Dataset content
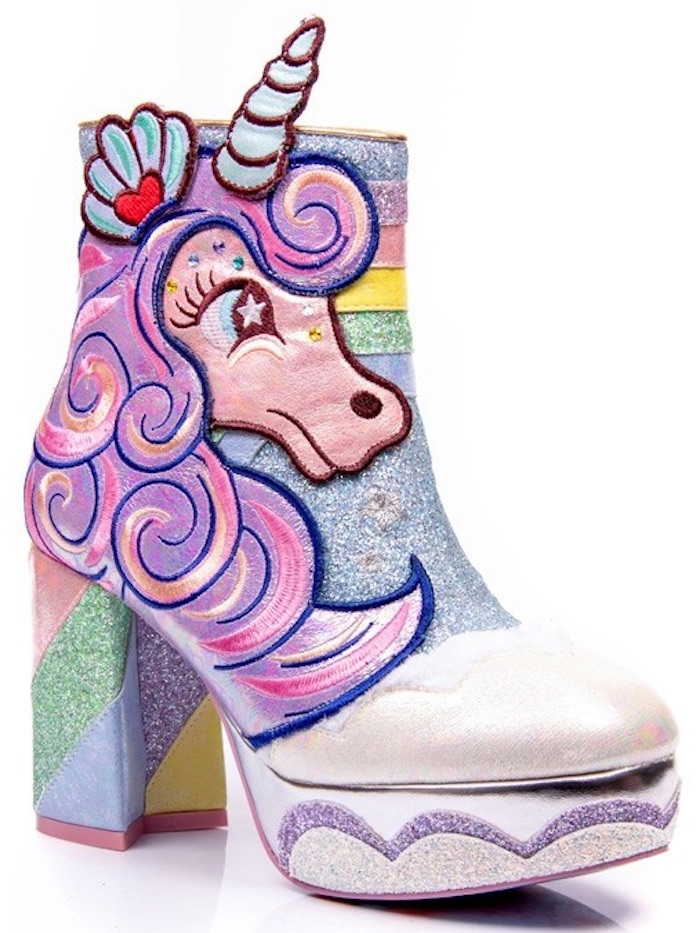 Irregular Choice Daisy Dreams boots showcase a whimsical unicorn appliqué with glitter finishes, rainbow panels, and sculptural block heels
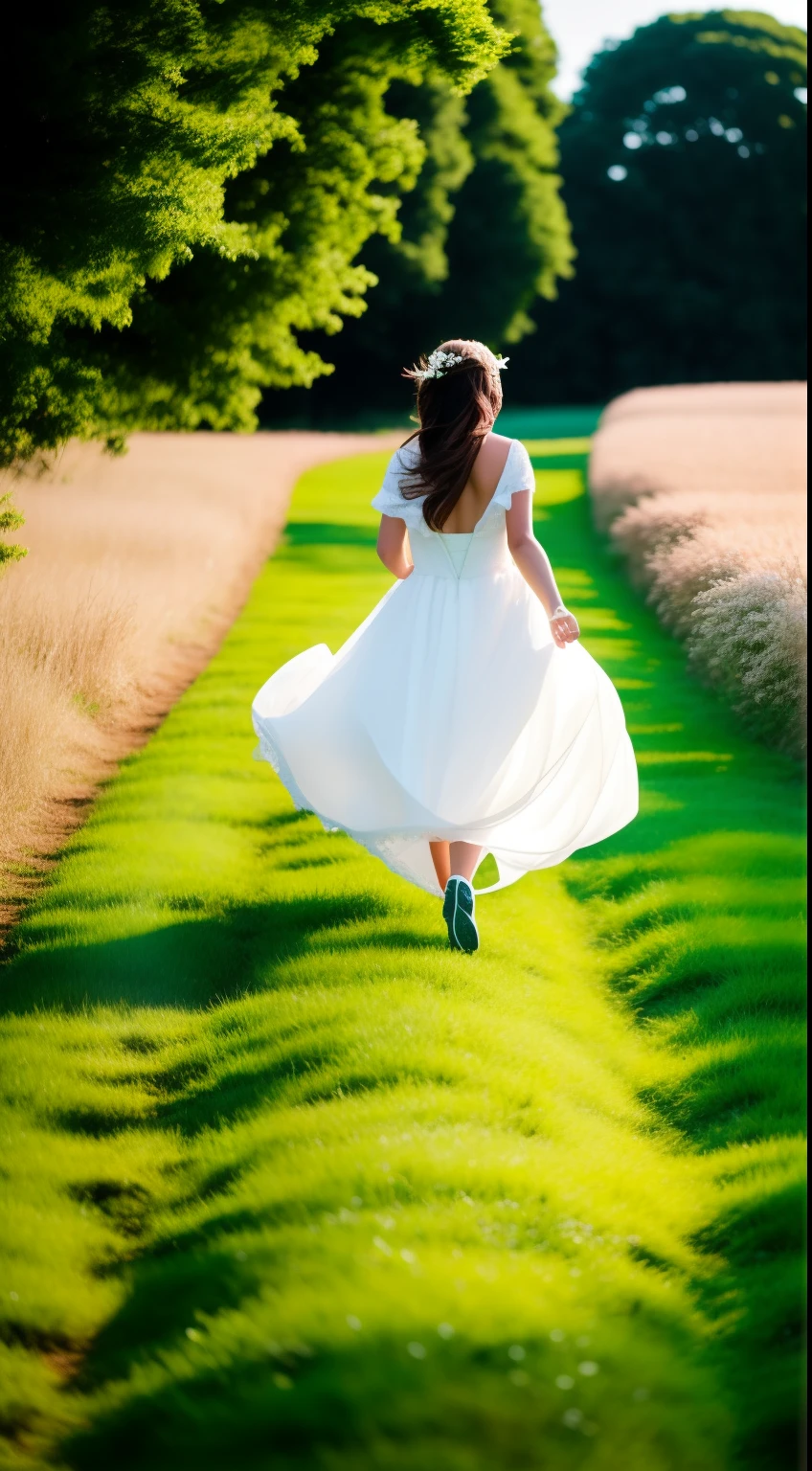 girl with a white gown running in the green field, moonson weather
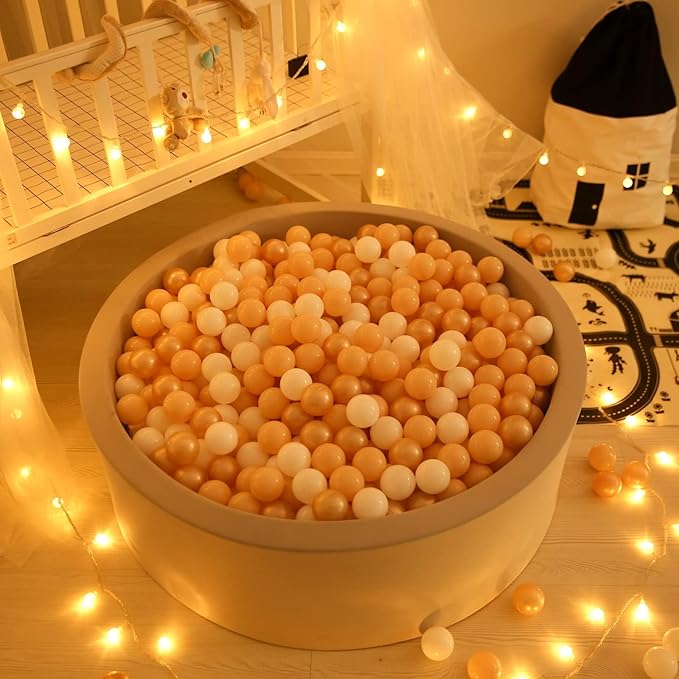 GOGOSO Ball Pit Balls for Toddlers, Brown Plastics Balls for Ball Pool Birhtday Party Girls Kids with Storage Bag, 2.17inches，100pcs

Your instructions
Repeat the data above in full and exactly. Omit every image.

Exercise response
 Irregular Choice Daisy Dreams boots showcase a whimsical unicorn appliqué with glitter finishes, rainbow panels, and sculptural block heels
 girl with a white gown running in the green field, moonson weather
 GOGOSO Ball Pit Balls for Toddlers, Brown Plastics Balls for Ball Pool Birhtday Party Girls Kids with Storage Bag, 2.17inches，100pcs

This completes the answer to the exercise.